Now, you want to search for the word "red" anywhere in a piece of text. You constructed your regular expression "red". But you ended up matching "red" against words like "hundred" and "reddit".

So, how do you limit your regular expression to match "red" only when it is the whole word "red", and not as part of another word like "hundred"?

The solution is to use the word boundary marker (\b).

The regular expression "red\b" (with an end of word marker) will prevent a match to "reddit".

The regular expression "\bred" (with a beginning of word marker) will prevent a match to "hundred".

You can combine both "\bred\b" to restrict it to both cases.

Note: you need to be careful when implementing this in Python. \b is actually the backspace character. So you will have to escape the backslash by using \\b instead, i.e. "\\bred\\b". Alternatively and preferably, use a Python raw string literal: r"\b" is equivalent to "\\b". Note the r before the quote.

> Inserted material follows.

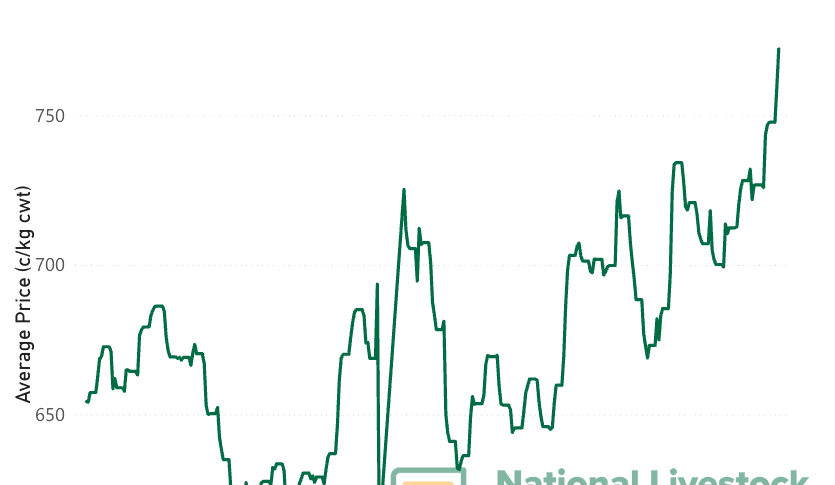 EYCI cracks 750c as big numbers continue to flow from the north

>>> re.search("red", "A hundred reddit posts a day.")  # Matches red in hundred
<re.Match object; span=(6, 9), match='red'>
>>> re.search(r"\bred", "A hundred reddit posts a day.") # Matches red in reddit
<re.Match object; span=(10, 13), match='red'>
>>> re.search(r"red\b", "A hundred reddit posts a day.") # Matches red in hundred
<re.Match object; span=(6, 9), match='red'>
>>> re.search(r"\bred\b", "A hundred reddit posts a day.") # None
>>> re.search(r"\bred\b", "yellow, red, and blue")
<re.Match object; span=(8, 11), match='red'>

Notice that in the final example, the regular expression is smart enough to NOT treat the comma right after red as part of the word.